OAB inicia pressão para Ficha Limpa valer na eleição de outubro
JB On Line/PCS
A
Ordem dos Advogados do Brasil (OAB) se manifestou oficialmente, nesta
terça-feira, a respeito do desfecho da votação, pela Câmara dos Deputados, do
projeto Ficha Limpa.
Ophir
Cavalcante, presidente da entidade, comemorou a aprovação do projeto que impede
candidaturas de políticos condenados pela Justiça e que agora segue para o
Senado.
Para
Cavalcante, o fato demonstra que a sociedade brasileira clama por mudanças
"e quer melhorar a cara política no País". Ao assegurar que a OAB
manterá a intensa mobilização e empenho em favor da matéria, Cavalcante
afirmou: "É preciso que os candidatos tenham compromisso com a ética na
política, para fazê-la de forma correta, de forma republicana, e não fazendo
dela uma extensão de seus interesses privados".
Para
Ophir Cavalcante, a grande expectativa agora é a aprovação do Ficha Limpa
(projeto de lei popular 518/2009) em regime de urgência pelo Senado para que
até 10 de junho possa obter a sanção presidencial de forma que possa valer nas
próximas eleições, o que deverá ser decisão do Tribunal Superior Eleitoral.

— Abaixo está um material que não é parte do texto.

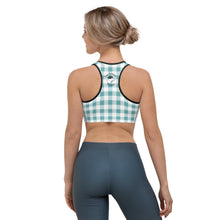 Load image into Gallery viewer, Sports Bra Aqua Plaid Mama Two Cubs
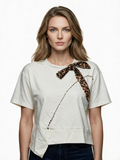 White asymmetric hem t-shirt with leopard print scarf tie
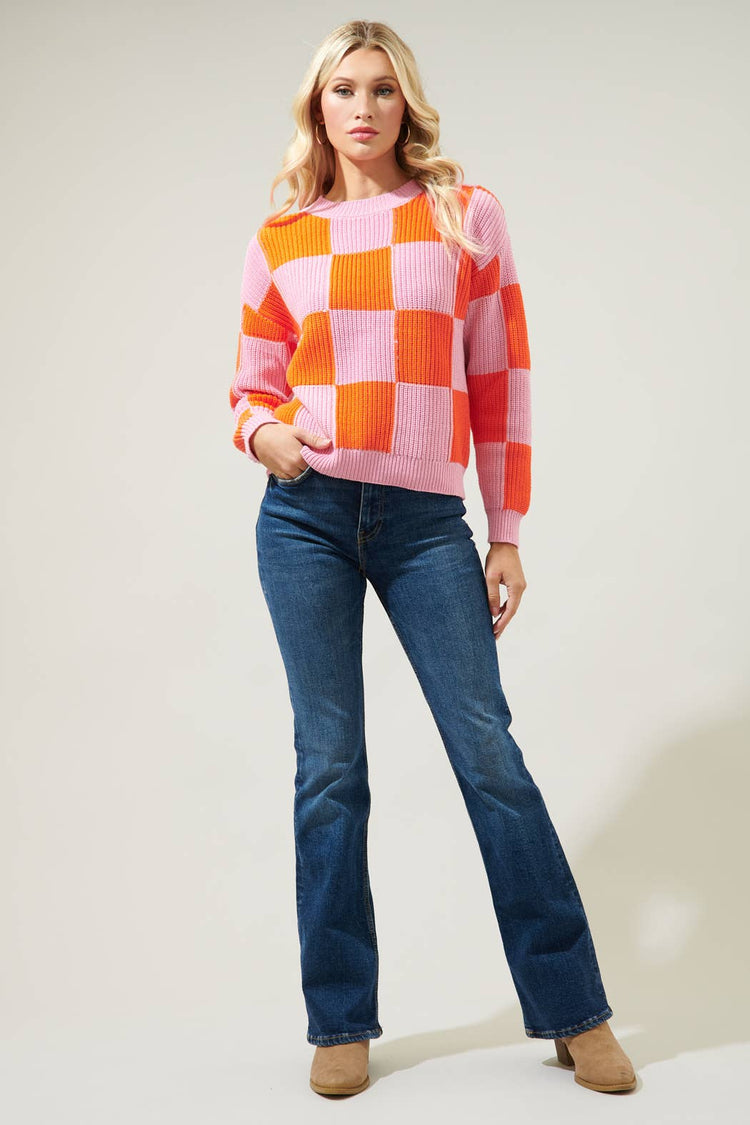 Pink/Orange Checkerboard Sweater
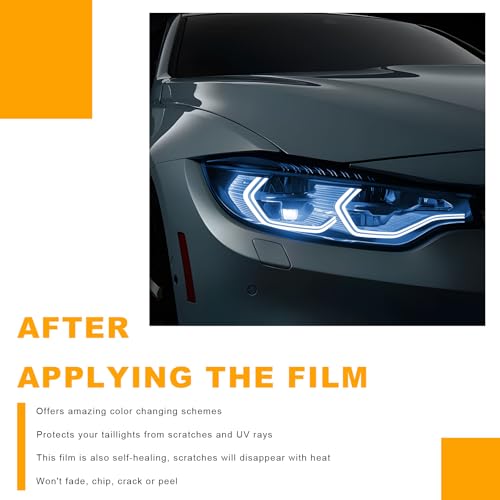 Car Headlight Vinyl Film, 48"×11.8" Self-Adhesive Car Headlight Tint Sticker with Squeegee & Cutter, Waterproof Wrap Film Roll for Vehicle Headlights Taillights Fog Lights (Drak Blue) - color: Drak Blue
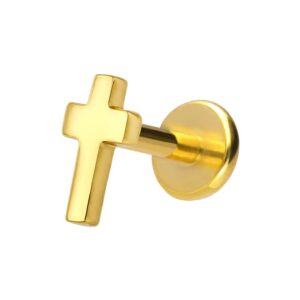 Titan Labret mit Innengewinde + 925er Silber Aufsatz KREUZ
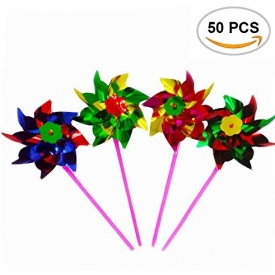 Fireboomoon 50PCS Best Selling Party Rainbow Pinwheel, Outdoor Decorating, Rainbow Color Windmills Set for Kids.(Assorted Color)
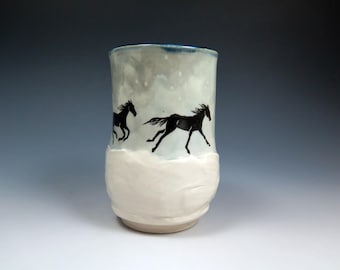 Ceramic Running Horses Art Tumbler, 15oz, Porcelain Cup, Hand Drawn and Hand Painted Pottery, Unique Horse Lover Gift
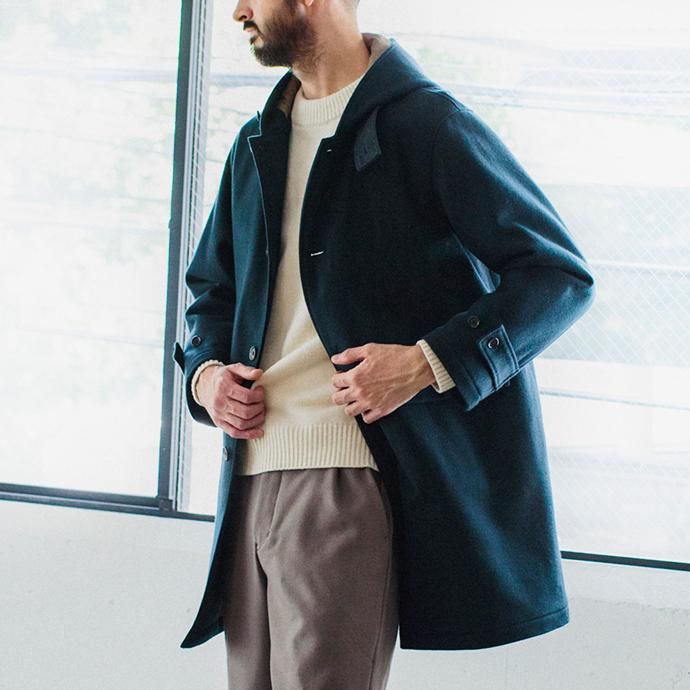 136904962 STILL BY HAND / CO0284 シンサレート中綿入り メルトンフーデッドコート - Camel 02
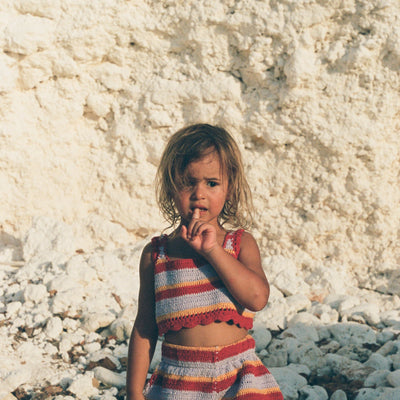 Crochet Shorts - Sunset Stripe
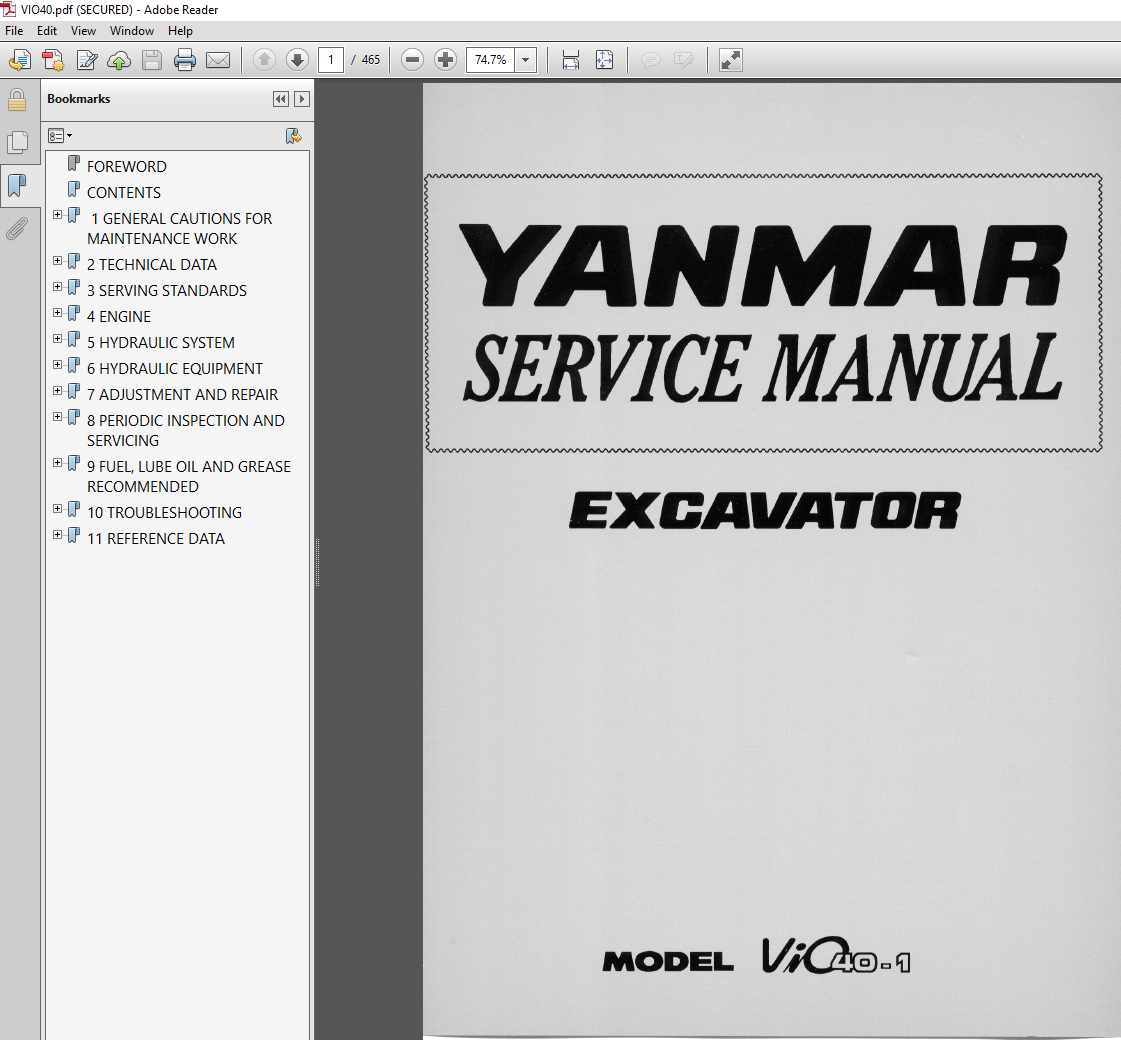 Yanmar VIO 40-1 Excavator Service Repair Manual PDF Download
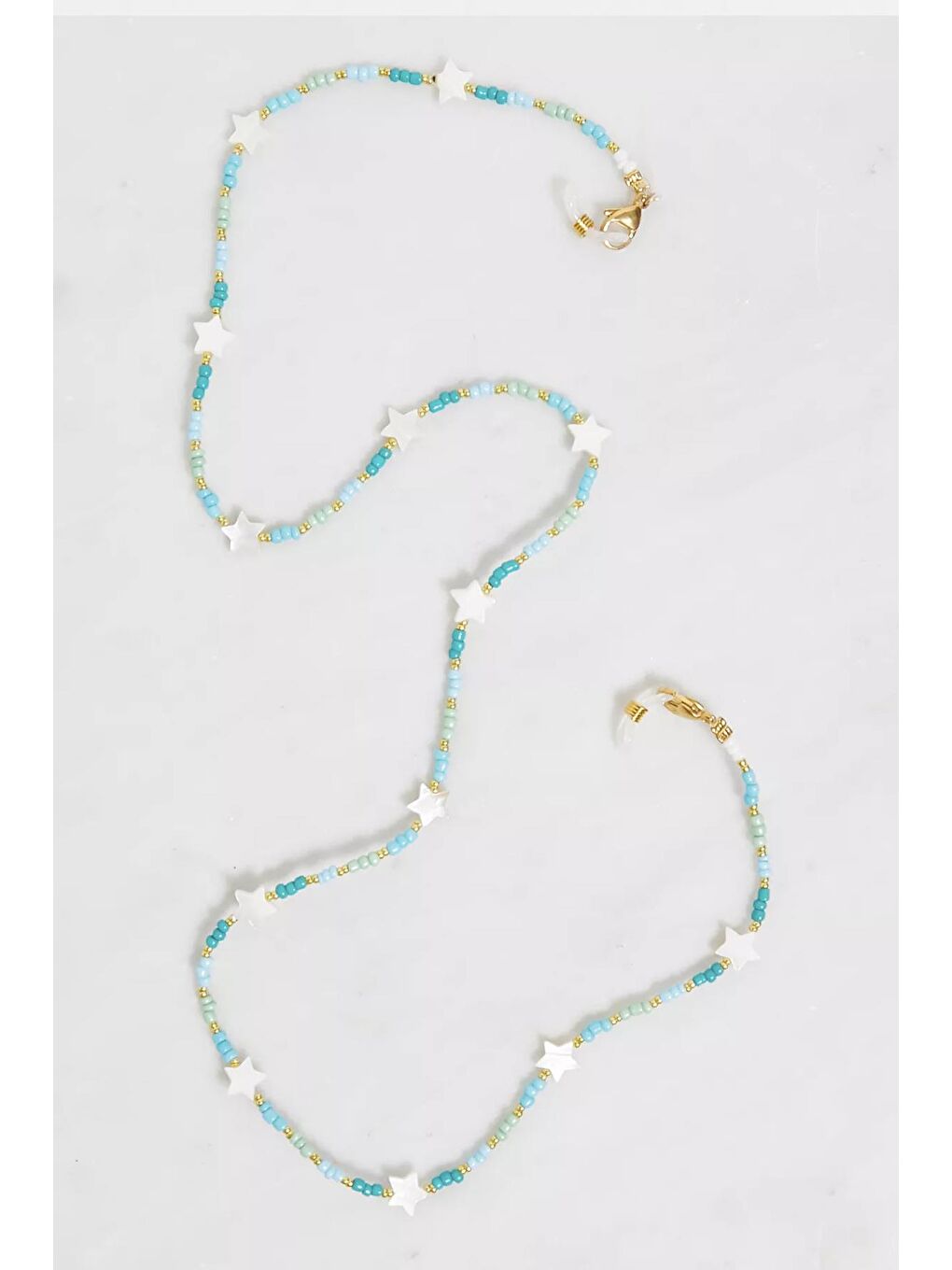 Sedef Yıldızlı Mavi Boncuk Gözlük İpi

Segundo o presidente da OAB: "Nesse momento em que a Câmara dos Deputados,
interpretando um desejo manifestado por mais de 1,6 milhão de eleitores,
introduz em nosso ordenamento político um requisito importante para aqueles que
querem exercer um cargo político, um cargo eletivo, que é de ter um passado sem
máculas. Nós temos que saudar muito mais a força, a unidade da sociedade do que
propriamente a Câmara, embora reconheçamos que- seus integrantes souberam
interpretar essa vontade de mudança".
Projeto
passa pela Câmara
A
Câmara dos deputados rejeitou, na noite desta terça-feira, sete destaques do
projeto Ficha Limpa. Com isso, o texto original segue para o Senado Federal e,
se não sofrer alterações na Casa, será enviado para sanção presidencial. Ao
todo, sete destaques foram rejeitados, além de dois retirados pelo Democratas.
A
votação dos destaques era o que faltava para concluir a discussão da matéria na
Câmara. A maior polêmica em torno do projeto é se ele vai valer já para as
próximas eleições. A decisão fica a cargo do Tribunal Superior Eleitoral (TSE).
Além
dos sete destaques rejeitados, nesta terça-feira, e dos dois retirados, outros
seis tiveram parecer contrário à sua aprovação. O destaque mais polêmico foi
rejeitado por 350 votos a favor, dois contra e duas abstenções, e previa a
exclusão do texto original os crimes contra o meio ambiente e a saúde pública,
que tornam o candidato inelegível por oito anos.